Rationale and objectives: To develop a human metastatic colorectal cancer (mCRC) model in a rabbit liver.
Materials and methods: Immunosuppression in 4 adult New Zealand White rabbits weighing 3.5 to 4.5 kg was induced with daily subcutaneous injection of 15 mg/kg Cyclosporine A (CsA).
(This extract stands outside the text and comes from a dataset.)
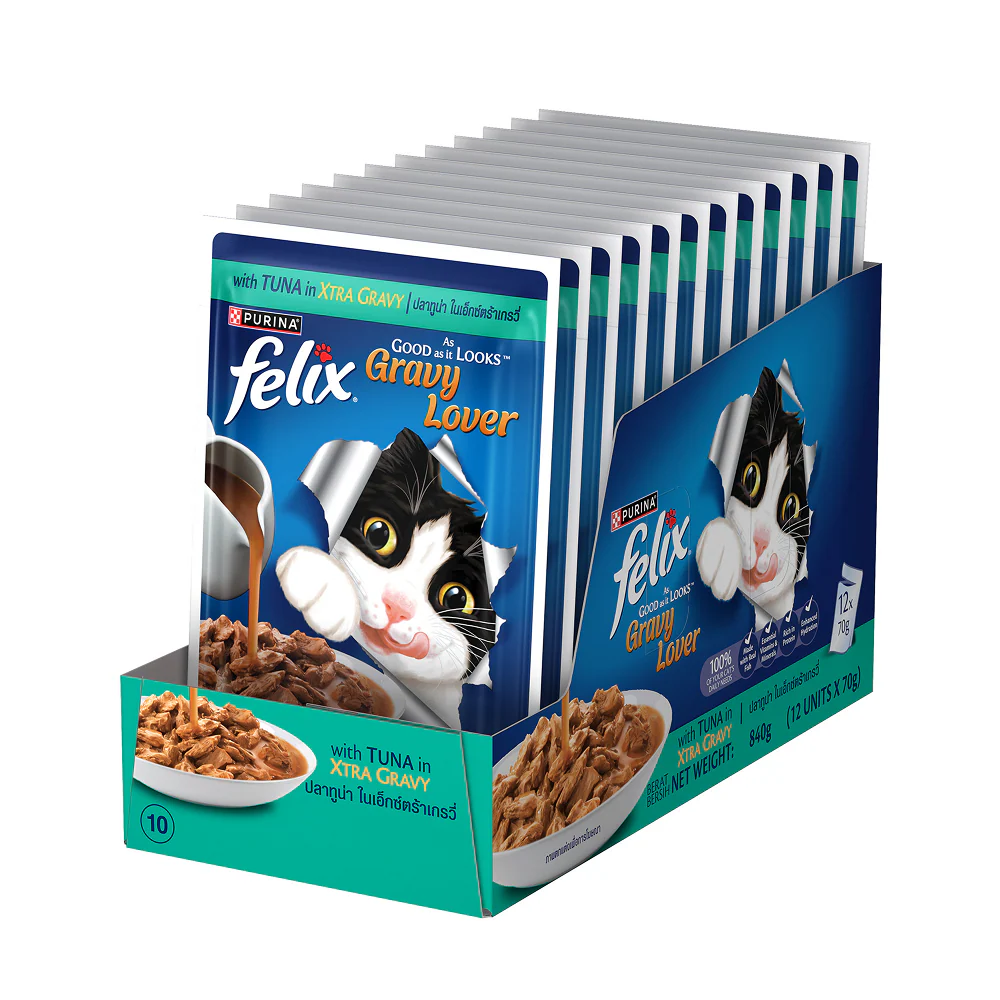 Purina Felix Gravy Lover Tuna Chunks Adult Complete and Balanced Cat Wet Food - Image 2
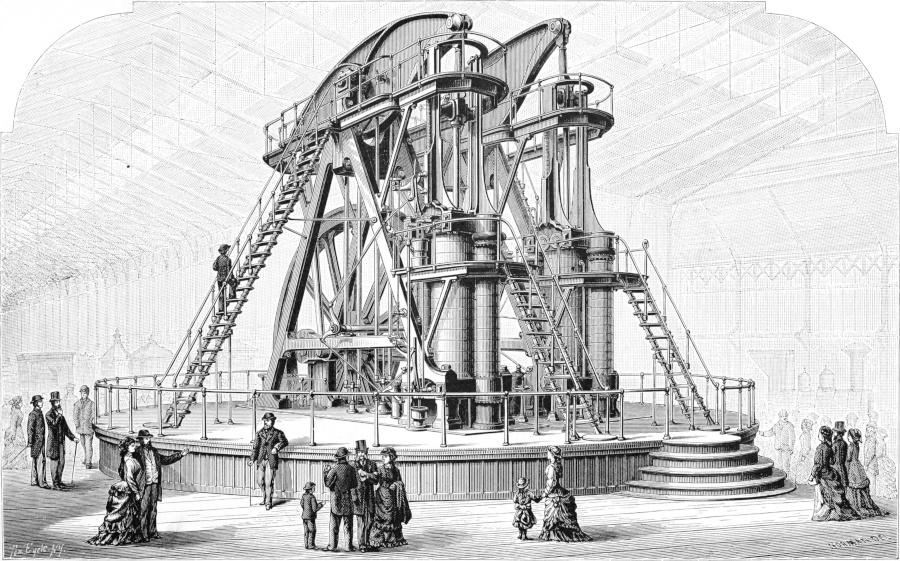 A gigantic steam engine surrounded by people in 19th century clothes, and a man climbing some stairs that take him to the top of the machine.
On day 3 open mini-laparotomy was performed and 0.2 ml (1.8x105 cells) suspension of HCT-116 and HT-29 human CRC cells were injected into the left and right medial lobe respectively. On day 10 the CsA dose was reduced to 10 mg/kg daily maintenance dose. Rabbits were weighed weekly, closely monitored for CsA side effects (weight loss, gingival hyperplasia and gut modification). Rabbits were sacrificed 5, 6, 7, and 8 weeks after cells injection. Liver tumors were collected for histopathology and immunohistochemical analysis.
Results: HT-29 Tumor growth was observed in 3 rabbits (75%). Tumors measured 3, 4 and 6 mm after 5, 6 and 8 weeks respectively. Microscopically, tumors contained hyperchromatic, pleomorphic cells that stained for monoclonal carcinoembryonic antigen (CEA), polyclonal CEA, cytokeratin 20, vascular markers (CD31, CD34), and vascular endothelial growth factor (VEGF) by immunohistochemistry, supporting involvement by the poorly differentiated HT-29 colorectal cancer cell line. No gross tumor growth or microscopic viability was observed from HCT-116 cell injection. CsA extra-hepatic manifestations included minimal gum hyperplasia and decrease in gut motility in 3 rabbits (75%), which was treated with Azithromycin 15 mg/kg and Cisapride 0.5 mg/kg every 12 hours, respectively.
Conclusion: We successfully developed a human metastatic colon cancer model in immunosuppressed rabbit liver using HT-29 cells.